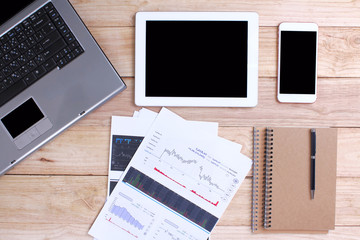 Home office for business Smartphone and a tablet and a laptop on the wooden background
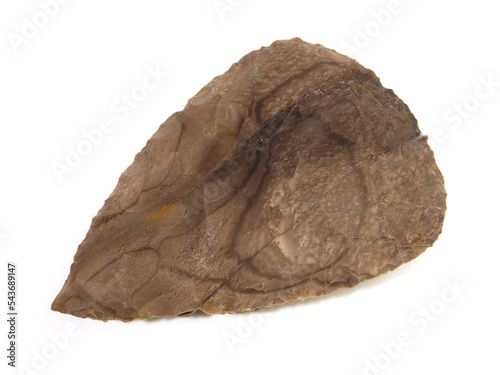 Stone Age Hand Axe out of Flintstone on white Background photo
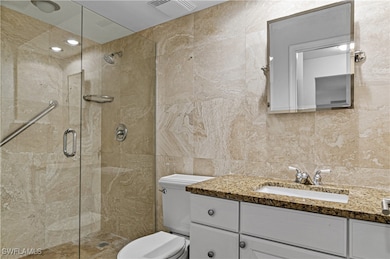 Bathroom with vanity, a shower with door, toilet,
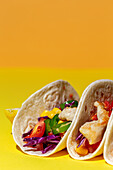 Homemade Mexican Tacos with fresh vegetables and chicken with strong light on yellow background. Healthy food. Typical Mexican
************
- DESCRIPTION OF THE TASK -
In the copy, include exactly the lines from the one with "Bathroom with vanity, a" through the final line of the data, both ends included, and no pictures.

- WRITTEN ANSWER -
 Bathroom with vanity, a shower with door, toilet,
 Homemade Mexican Tacos with fresh vegetables and chicken with strong light on yellow background. Healthy food. Typical Mexican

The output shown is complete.